April, and concern as to whether the second defendant would have sufficient time to prepare for the hearing in the changed circumstances, the plaintiff and second defendant were directed to take steps with urgency. This included a direction that the second defendant file a statement of defence to the second amended statement of claim by 29 March 2011. A telephone conference was arranged for 31 March 2011.

[6]      By that date all counsel had agreed that the matter would not be ready to proceed on 11 April 2011.  Accordingly the fixture was vacated.  Further directions were made but these are not relevant to the present application.

[7]      In  opposing  the  second  defendant’s  application,  the  plaintiff  referred  to aspects of the history of the proceeding up to 4 March 2011 and, in particular, to failure by the second defendant to comply with timetable directions and to some other difficulties said to have been caused by steps taken by the second defendant. This included an application by the plaintiff to debar the second defendant from defending the proceeding which resulted in an order for costs against the second defendant, on a 2B basis, of $3,008 (plus a filing fee of $613.33).

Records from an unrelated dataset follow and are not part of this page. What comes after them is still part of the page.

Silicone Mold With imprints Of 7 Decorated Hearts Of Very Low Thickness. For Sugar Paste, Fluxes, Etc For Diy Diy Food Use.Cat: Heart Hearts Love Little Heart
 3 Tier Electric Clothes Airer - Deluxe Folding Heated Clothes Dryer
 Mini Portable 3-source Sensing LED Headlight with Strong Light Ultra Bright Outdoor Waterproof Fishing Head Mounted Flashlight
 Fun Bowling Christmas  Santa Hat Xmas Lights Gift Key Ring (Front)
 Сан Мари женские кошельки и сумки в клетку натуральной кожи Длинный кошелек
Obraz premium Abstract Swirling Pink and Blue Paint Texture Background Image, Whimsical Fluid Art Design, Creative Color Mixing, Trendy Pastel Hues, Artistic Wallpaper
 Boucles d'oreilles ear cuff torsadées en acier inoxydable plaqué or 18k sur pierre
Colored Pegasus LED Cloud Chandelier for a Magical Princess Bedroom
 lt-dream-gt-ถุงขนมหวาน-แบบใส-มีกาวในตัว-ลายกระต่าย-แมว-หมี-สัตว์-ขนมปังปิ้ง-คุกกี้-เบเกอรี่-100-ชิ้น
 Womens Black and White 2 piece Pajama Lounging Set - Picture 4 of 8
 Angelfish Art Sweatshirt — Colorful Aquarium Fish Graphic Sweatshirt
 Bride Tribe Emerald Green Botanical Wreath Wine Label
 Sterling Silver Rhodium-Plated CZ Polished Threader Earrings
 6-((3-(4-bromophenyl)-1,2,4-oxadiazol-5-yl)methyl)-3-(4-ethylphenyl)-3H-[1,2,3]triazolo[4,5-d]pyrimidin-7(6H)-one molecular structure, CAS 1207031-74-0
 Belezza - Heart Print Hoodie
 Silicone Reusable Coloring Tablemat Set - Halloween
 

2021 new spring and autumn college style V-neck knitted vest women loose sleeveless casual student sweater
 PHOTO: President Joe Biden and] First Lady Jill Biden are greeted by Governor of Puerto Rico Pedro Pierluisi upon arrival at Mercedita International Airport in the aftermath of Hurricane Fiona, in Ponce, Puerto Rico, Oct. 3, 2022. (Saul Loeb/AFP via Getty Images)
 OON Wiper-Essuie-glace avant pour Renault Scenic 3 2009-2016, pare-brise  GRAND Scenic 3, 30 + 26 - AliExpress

[8]      I agree with Ms Law’s submission for the second defendant that, although the earlier history of the proceeding may have some relevance to the question of costs

following determination of the substantive claim (and to the extent that there has not already been an allowance for costs against the second defendant), these matters are not relevant to the application for costs in respect of the matters I outlined above.

[9]      The steps required to be taken by the second defendant in respect of which costs are sought arose because the plaintiff, at a late stage, firstly sought to discontinue against one defendant, for which leave was required, and then effectively changed tack by seeking leave to file an amended claim.  The plaintiff was seeking an indulgence.  The way in which the plaintiff proceeded with these matters required responses from the second defendant when the second defendant would normally have been preparing for a defended hearing, and required the second defendant to take some steps with urgency.  The plaintiff was seeking an indulgence.  The steps taken in the end resulted in the proceeding having to be vacated, or those steps at least materially contributed to the need to vacate the fixture.   There will be some wasted cost for the second defendant.

[10]     In all the circumstances I am satisfied that the second defendant is entitled to costs on a 2B basis and for the items sought.   There is judgment for the second defendant accordingly.

[11]     There is a question whether these costs should be paid now or following final judgment.     Provided  the  plaintiff  does  not  seek  to  recover  the  costs  and disbursements awarded against the second defendant of $3,621.33, the costs awarded in favour of the second defendant against the plaintiff by this judgment are not

payable until the final determination of the substantive claim.